Mystery Books for Sale

[ Home ]
[ About | Reviews | Search | Submit ]


  

MISSING LINK
by Joyce Holms
Allison & Busby, July 2006
288 pages
18.99 GBP
ISBN: 0749081015


Buy in the UK | Buy in Canada

Fizz Fitzgerald, doesn’t know what to expect when her elderly client Mrs Sullivan walks into her office at her law firm. Fizz, for all of her youthful appearance, has enjoyed success in her career, and although her work partner has gone out on his own as an advocate, she still manages to entangle Tam Buchanan into her cases. Mrs Sullivan, however, is a most unusual client. Most people who consult a lawyer want to be kept out of prison. Mrs Sullivan has come forward to confess to a crime.

When Amanda Montrose is murdered, an acquaintance with a long police record is arrested and convicted of the crime. Now, Mrs Sullivan has come forward, stating that Amanda was her former daughter-in-law who ruined her ex-husband’s life – that would be Mrs Sullivan’s son.

Amanda had changed her name and moved away but Mrs Sullivan encountered her again many years later. She claims she killed Amanda, but the police don’t want to listen; the case is closed and a career criminal is behind bars for life. Mrs Sullivan claims she can’t let an innocent man sit in jail for the crime she herself had committed.
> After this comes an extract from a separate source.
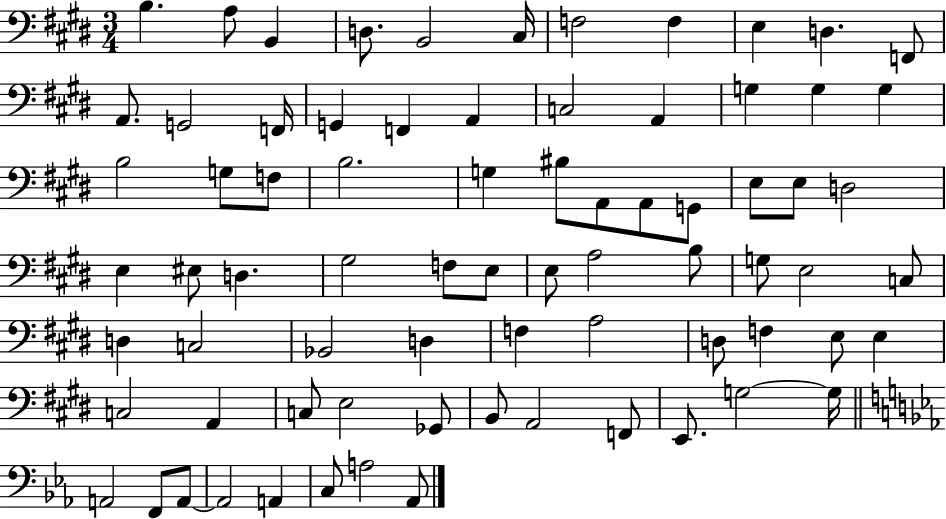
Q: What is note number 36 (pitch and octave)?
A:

Fizz and Tam have been an unlikely detecting team in this series. Tam is apparently a brilliant legal mind, but is still naïve in many ways – especially in the ways of romance. While it’s no secret to the reader why he has not been able to sustain any type of relationship with women since meeting Fizz, it is amusing to watch his befuddlement.

Fizz, on the other hand, just feels that it’s up to her to point out to Tam how unsuitable his lady friends are. This book is no exception. The two of them take Mrs Sullivan’s case and truly attempt to find evidence that, as unlikely as it seems, she could have killed Amanda.
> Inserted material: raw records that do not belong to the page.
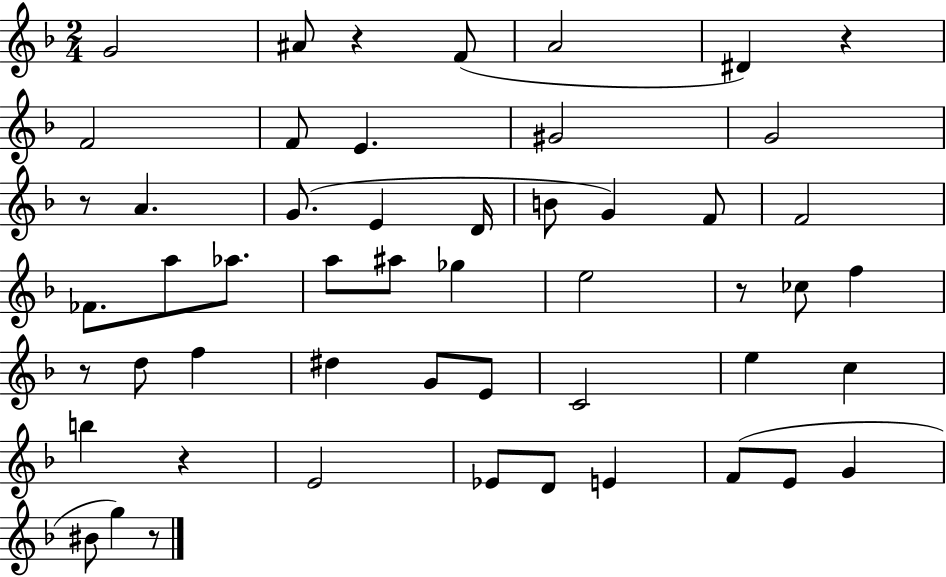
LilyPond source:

{
  \clef treble
  \numericTimeSignature
  \time 2/4
  \key f \major
  \repeat volta 2 { g'2 | ais'8 r4 f'8( | a'2 | dis'4) r4 | \break f'2 | f'8 e'4. | gis'2 | g'2 | \break r8 a'4. | g'8.( e'4 d'16 | b'8 g'4) f'8 | f'2 | \break fes'8. a''8 aes''8. | a''8 ais''8 ges''4 | e''2 | r8 ces''8 f''4 | \break r8 d''8 f''4 | dis''4 g'8 e'8 | c'2 | e''4 c''4 | \break b''4 r4 | e'2 | ees'8 d'8 e'4 | f'8( e'8 g'4 | \break bis'8 g''4) r8 | } \bar "|."
}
The books, and the two protagonists, are humorous and quirky. They are so smoothly written they go down like a cool drink on a hot day. Fizz is endearing and adorable and Tam is totally clueless. That doesn’t mean, however, that they are not a great pair of amateur detectives and they always solve the mystery in the end.

The author wanted to have a young woman heroine who was real and typical of young women today. She admits Fizz can be pushy and annoying – and she is. But that does not change the fact that she is a great character. To appreciate fully the development of both characters, I would recommend starting at the beginning of the series.

Reviewed by Lorraine Gelly, April 2007

[ Top ]


QUICK SEARCH:

 

Contact: Yvonne Klein (ymk@reviewingtheevidence.com)


[ About | Reviews | Search | Submit ]
[ Home ]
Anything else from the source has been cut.